Gorbaçov’la da çok yakın arkadaşlığım var. Bunlar dünyayı değiştirmiş
insanlar. Bunlarla yıllardan beri görüş alış verişi içerisindeyim.
Benim söylediğim şey şu. Ben gerek gençliğimde gerek politik yaşamla
ilgilendiğimden beri hiçbir zaman Sovyetler Birliği hayranı olmadım.
Oradaki sistemi tasvip etmedim. Komünist partililerin dikta rejimiyle
yönettiği ülkelere hiçbir yakınlık duymadım. Ben ilk başta düşündüğümü
şimdi yine savunuyorum. Neydi bu: “Bu dünyada sömürü alçakça bir
şeydir. İnsanların sömürülmemesi lazımdır. Çalışan insan emeğini alması
lazımdır. Ülkelerin birtakım zenginler tarafından soyulmaması lazımdır.
Bir de kültürün insan yaşamında çok seviyeli bir şekilde yer tutması
gerekir.” Ben hayatını buna adamış bir insanım. Ben kültür adına
mücadele verdim. Kültürün insanlar tarafından gündelik hayatlarında
yudumlanması gerekir. Benim görüşlerim buydu yine aynı görüşleri
savunuyorum.
21. yüzyılı da ıskalayacağız
1920’lerde çok umutlu başlamıştı Türkiye Cumhuriyeti. Bugün geldiğiniz
noktaya bakın.

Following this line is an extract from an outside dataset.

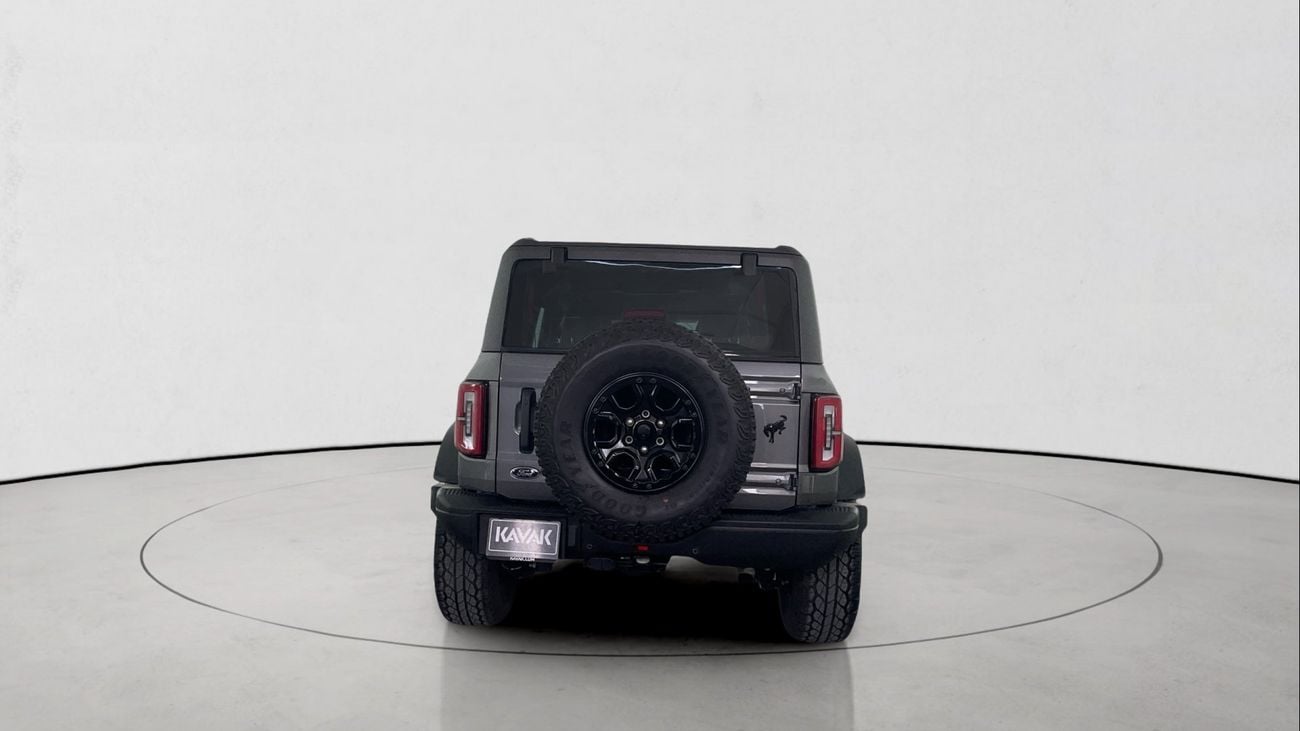 فورد برونكو 2.7 WILDTRAK AUTO 4WD | شامل الضمان | 0 ﺪﻔﻋﺓ ﺃﻮﻟﻯ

Yunanistan’ın yaşam kalitesi bakımından 65 basamak
altındayız. Ama bütün zihinler hâlâ devleti ele geçirip kamu
kaynaklarını soymak, yandaşlarına paylaştırmakla meşgul. Bundan başka
bir şey yok. İşte bunlar, bizi geleceğe umutlu bakamayacak hale
getiriyor. Biz 20. yüzyılı ıskaladığımız gibi, 21. yüzyılı da daha
fazla ıskalamaya aday haldeyiz. Çünkü aradaki farklar açılıyor. Bugün
İngiltere önümüzdeki 20 yıl içinde Hindistan’dan 75 bin bilgisayar
mühendisi alacak. Bunun anlaşmasını yapıyor. Hindistan bütün
okullarında eğitimini bu bilgisayara göre yönlendirdi. Büyük bir insan
gücü oluşturuyor. Bu bakımdan, Toffler benim çok yakın arkadaşımdır.

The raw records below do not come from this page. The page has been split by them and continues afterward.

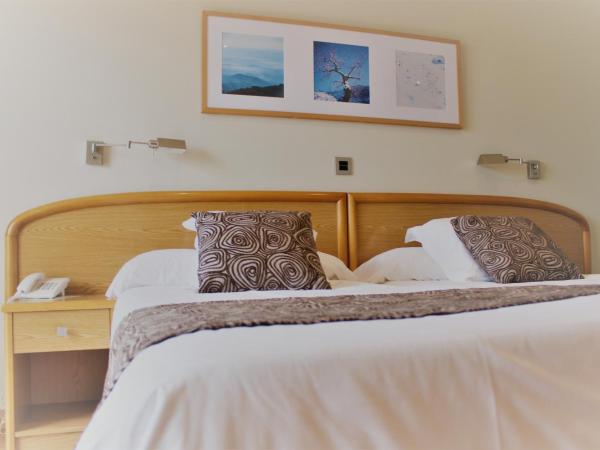 Hotel Tanit : photo 7 de la chambre chambre double ou lits jumeaux - vue sur mer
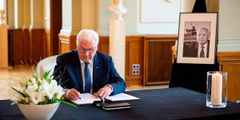 Bundespräsident: Steinmeier äußert tiefe Dankbarkeit für Gorbatschow
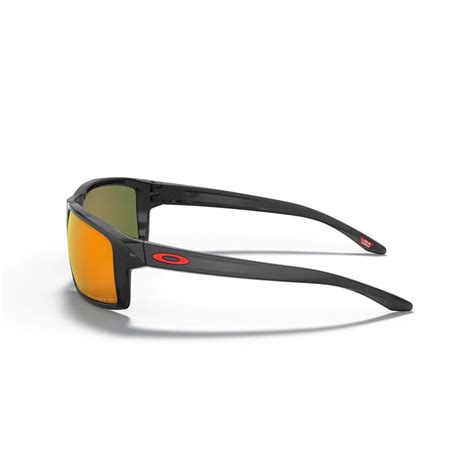 Oakley Gibston Sunglasses Black Ink Prizm Ruby Polarized Golf Hq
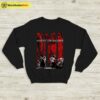Rage Against The Machine 90’s Concert Sweatshirt RATM Shirt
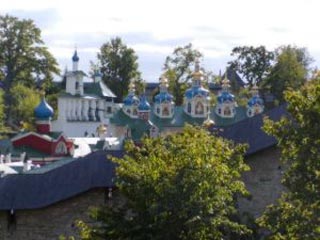 Псково-Печерскому монастырю исполняется 530 лет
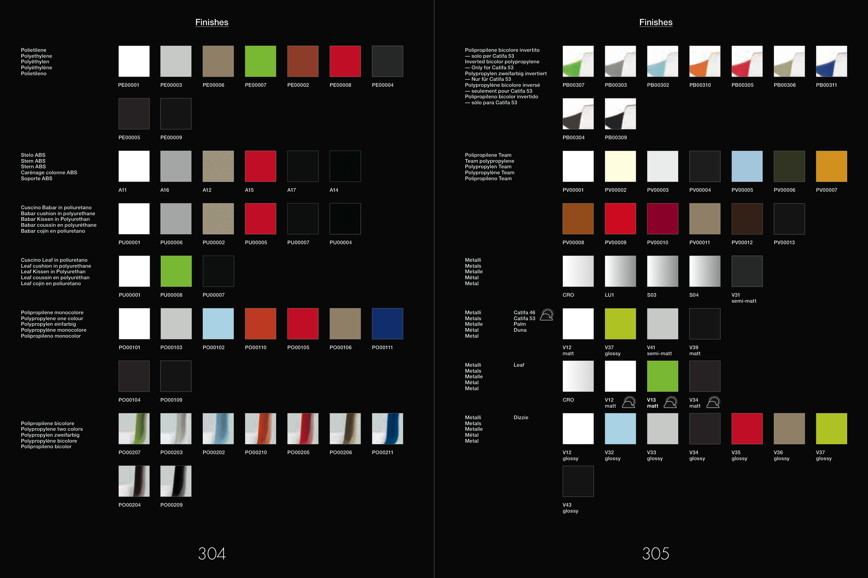 Arper General Catalog 2012157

Bütün dünya bu beyinden, bu fikirden yararlanır. Onu zamanın Başbakanı
Demirel’le de görüştürmüştüm. On yıl önce bize çok güzel bir teklif
yapmıştı. “Slikon vadisi kapsamında Türk şirketleri girişimde bulunsun.
Belki şirketler belli bir para kaybedebilir ama hiç olmazsa bu
teknolojiyi ülkenize transfer edebilirsiniz” demişti. Bunu o zaman
Demirel’e iletmiştik. Ama ne yazık ki aile fotoğraflarından bu gibi
işlere vakit yoktu. Olmadı da...
Sanatçı mı afyon mu?
Sanatçı denilen, bilmem bir gecede kırk milyar alan, toplumu eğlendiren
oyalayan kimselere sanatçı deniliyorsa ben öyle sanatçı değilim.
Türkiye’de son yıllarda göze çarpan bir gelişme var. Bu toplumun
sorunları çok ağır, giderek de ağırlaşıyor. Devlet kaynakları
soyuluyor.Yurttaşların bu devlette hiçbir söz hakkı yok. Dört yılda bir
onlardan oy alıp bırakılıyor. Onların fikirlerine sözlerine hiç önem
verilmiyor.Sağlık sistemimiz çöküyor, eğitim sistemimiz çöküyor.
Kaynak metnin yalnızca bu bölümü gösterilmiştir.